I’ve been working hard in the last two weeks to try and fix every obvious performance issue I could find. Among other things, I implemented ropes to make string concatenation faster. Now, I made for-in loops faster. In the end though, each optimization I make is just a drop in the bucket. To compete effectively on every benchmark, there are many individual things to optimize. Everything must be made fast. The people at Google and Mozilla have had years to optimize their engines specifically so that they would perform well on the well-known sets of benchmarks. They’ve gone as far as implementing memoization of sine values based on the knowledge that this one benchmark calls the sine functions with the same angle values repeatedly.
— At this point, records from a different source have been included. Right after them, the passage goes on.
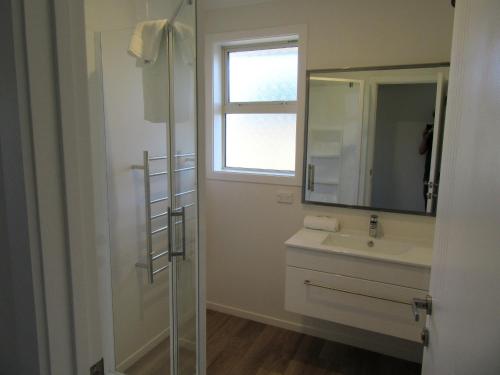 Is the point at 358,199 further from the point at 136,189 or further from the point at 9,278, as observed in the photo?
the point at 9,278

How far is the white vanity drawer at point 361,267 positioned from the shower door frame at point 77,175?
5.37 ft

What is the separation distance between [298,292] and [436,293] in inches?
52.6

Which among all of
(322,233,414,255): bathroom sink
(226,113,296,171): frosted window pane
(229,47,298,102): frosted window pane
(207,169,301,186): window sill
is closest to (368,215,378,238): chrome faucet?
(322,233,414,255): bathroom sink

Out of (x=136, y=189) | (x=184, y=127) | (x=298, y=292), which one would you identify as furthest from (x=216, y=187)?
(x=184, y=127)

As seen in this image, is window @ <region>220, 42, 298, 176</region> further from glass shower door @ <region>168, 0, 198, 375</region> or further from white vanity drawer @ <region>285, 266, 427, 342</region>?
glass shower door @ <region>168, 0, 198, 375</region>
Over a week ago, I received the unfortunate news that my basic block versioning paper was rejected for the third time. We had received five “weak accept” scores, but at the last minute, after the rebuttal period was over, one of the reviewers decided to change his vote and give us a “reject” rating. I won’t lie, even though I knew the paper could be rejected, I found that I had a hard time getting out of bed the next day. For a little while, my motivation was completely crushed. I decided to put the latest version of the paper on arXiv.org. I feel that it’s useful to timestamp my progress, and it seems that sharing the results of my research is more important than getting into academic conferences.
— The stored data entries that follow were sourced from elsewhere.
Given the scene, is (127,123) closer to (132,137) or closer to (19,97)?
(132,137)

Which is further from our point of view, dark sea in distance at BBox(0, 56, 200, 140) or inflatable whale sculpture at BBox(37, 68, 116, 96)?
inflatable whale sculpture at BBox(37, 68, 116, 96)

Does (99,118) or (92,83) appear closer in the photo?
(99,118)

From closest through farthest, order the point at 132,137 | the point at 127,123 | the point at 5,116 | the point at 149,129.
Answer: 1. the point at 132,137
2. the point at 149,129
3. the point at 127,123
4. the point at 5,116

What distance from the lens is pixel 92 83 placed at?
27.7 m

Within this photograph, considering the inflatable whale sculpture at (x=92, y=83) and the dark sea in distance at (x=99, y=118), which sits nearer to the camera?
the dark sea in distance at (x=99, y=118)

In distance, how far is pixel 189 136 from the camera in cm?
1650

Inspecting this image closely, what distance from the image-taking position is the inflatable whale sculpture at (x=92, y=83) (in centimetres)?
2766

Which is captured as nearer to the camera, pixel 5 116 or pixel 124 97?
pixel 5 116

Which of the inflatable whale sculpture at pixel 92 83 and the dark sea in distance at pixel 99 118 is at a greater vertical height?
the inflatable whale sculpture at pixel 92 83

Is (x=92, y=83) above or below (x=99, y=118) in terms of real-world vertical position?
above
The graph above shows a comparison of the relative execution time of code compiled by Higgs vs TraceMonkey (lower is better). Compilation times are excluded from this comparison because of issues mentioned in a previous blog post. The 26 benchmarks are from the SunSpider and V8 suites, but I’ve excluded regular expression benchmarks since Higgs doesn’t have a regular expression compiler (only an interpreter), and my research is not specifically about regular expressions.
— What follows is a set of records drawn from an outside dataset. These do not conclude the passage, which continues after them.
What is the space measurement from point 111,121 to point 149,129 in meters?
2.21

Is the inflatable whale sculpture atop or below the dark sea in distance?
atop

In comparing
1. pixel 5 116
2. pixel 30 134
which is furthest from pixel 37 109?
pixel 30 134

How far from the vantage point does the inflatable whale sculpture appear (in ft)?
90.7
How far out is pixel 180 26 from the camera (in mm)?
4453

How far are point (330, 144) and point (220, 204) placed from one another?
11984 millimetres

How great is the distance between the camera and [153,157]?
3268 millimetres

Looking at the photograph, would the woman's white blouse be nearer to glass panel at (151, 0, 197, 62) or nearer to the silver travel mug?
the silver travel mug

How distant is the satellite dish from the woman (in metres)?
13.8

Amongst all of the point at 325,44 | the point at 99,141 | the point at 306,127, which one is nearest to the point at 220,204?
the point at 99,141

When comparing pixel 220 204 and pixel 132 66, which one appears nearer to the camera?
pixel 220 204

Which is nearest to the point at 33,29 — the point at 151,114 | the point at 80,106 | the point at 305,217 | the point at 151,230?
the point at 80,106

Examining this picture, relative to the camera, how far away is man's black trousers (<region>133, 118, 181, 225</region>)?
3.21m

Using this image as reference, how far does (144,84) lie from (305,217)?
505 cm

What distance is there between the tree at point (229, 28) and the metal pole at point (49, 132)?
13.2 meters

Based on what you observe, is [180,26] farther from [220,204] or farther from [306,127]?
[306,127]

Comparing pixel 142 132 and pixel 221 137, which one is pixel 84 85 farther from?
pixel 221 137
Higgs clearly doesn’t beat TraceMonkey across the board, but it does perform better on half of the above benchmarks, sometimes by a wide margin. What seems clear after some analysis is that TraceMonkey does very well in benchmarks with short, obvious loops, but poorly in benchmarks with more complex control-flow. This should at least highlight the fact that basic block versioning is not the same thing as tracing, and can, in fact, deal with situations to which tracing is less suitable.
Fortunately for me, TraceMonkey is not a moving target in terms of performance, and this week, I’ve been working on helping Higgs catch up. I’ve added string optimizations such as ropes and precaching of one-character strings. I’ve also been working on eliminating bottlenecks in the runtime and standard libraries. Tomorrow, I’ll be optimizing the inefficient way in which Higgs handles for-in loops (property enumerations), which are extensively used in the fasta benchmark.
It’s very motivating to have a goal. You can be sure that the next paper I submit will be showing Higgs beating TraceMonkey on most of these benchmarks. I’m going to keep improving the performance, keep improving our results, and keep amassing more and more evidence that basic block versioning is a worthwhile JIT compiler architecture. I’m going to push Higgs to the limit.